Home » today » Entertainment » Helper and devours books | Burgos Daily News

Helper and devours books | Burgos Daily News

Being born in one or another generation has, like everything, its pros and cons. For someone who is passionate about letters and the unmistakable smell that the pages of a book give off, arriving in the world in the 1930s made it difficult, in a certain way, to be able to enjoy what he liked the most when he felt like it. Félix Sagredo, from Brivies, did what he could and in 1947, coinciding with the inauguration of the first library in the city, his life changed.

He frequently went to that special place packed with works by the most illustrious, which at that time “was expecting more than 2,000,” he recalls. Carlos Virumbrales, together with his office of the Trade Unions, presided over the installation, located on the first floor of the same building that today houses the House of Culture. «This building belonged to the first public schools in the city, later it became a free high school education academy because there was no institute and in the end it was used as a library and offices of the Vertical Union of Farmers and Ranchers. On the ground floor, the musicians of the Municipal Music Band rehearsed », he explains.

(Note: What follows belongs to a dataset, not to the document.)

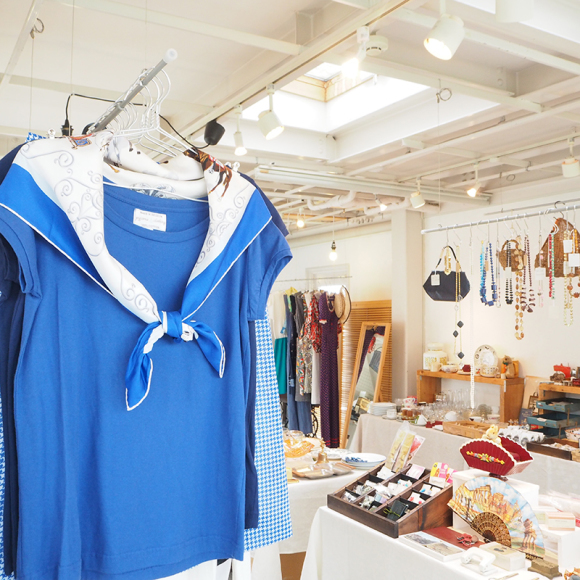 「古道具・アンティーク屋店主さんたちの蚤の市」_e0338157_17511596.jpg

Not even a year passed when Virumbrales, dazzled by that child’s interest in reading and the speed with which he devoured books, made him a proposal that he could not refuse despite his young age. At the age of ten he became the youngest volunteer at the Briviesca library and he began to open and close its doors every day.

One of the things he liked the most was recommending authors and titles to users, since although he barely lifted an inch from the ground, he used to read Emilio Salgari or Wenceslao Fernández Flórez, among others. He got to know the place where each of the works was located and when someone requested a specific one, “I took him to the exact point,” he recalls. Then, there were only three large shelves located on three sides of the room, except for the center’s loan service. “Since some of the copies were on the highest shelves, I had to climb on a chair to reach them since there wasn’t even a ladder to help us,” he jokes.

At the end of the 1940s, “owning a book was a luxury that only the best positioned could afford. The rest of the population had to sacrifice a lot to be able to get hold of one,” says Sagredo. For this reason, the reading room was frequented daily by a number of neighbors looking for new adventures hidden between the pages of available novels and stories. Such was the value of the works that when he was still very young, the Magi surprised him with a text that ended up slipping from his hands, falling to the ground and separating the spine from the pages. “I spent the whole day punished for it,” he recounts.

For two years he was the manager’s right-hand man, and the latter, grateful for his work, before Christmas 1949 paid him 100 pesetas for his services. “I invested one in modern cinema and saw a John Wayne movie, the remaining 99 I saved for my future whims,” ​​he says.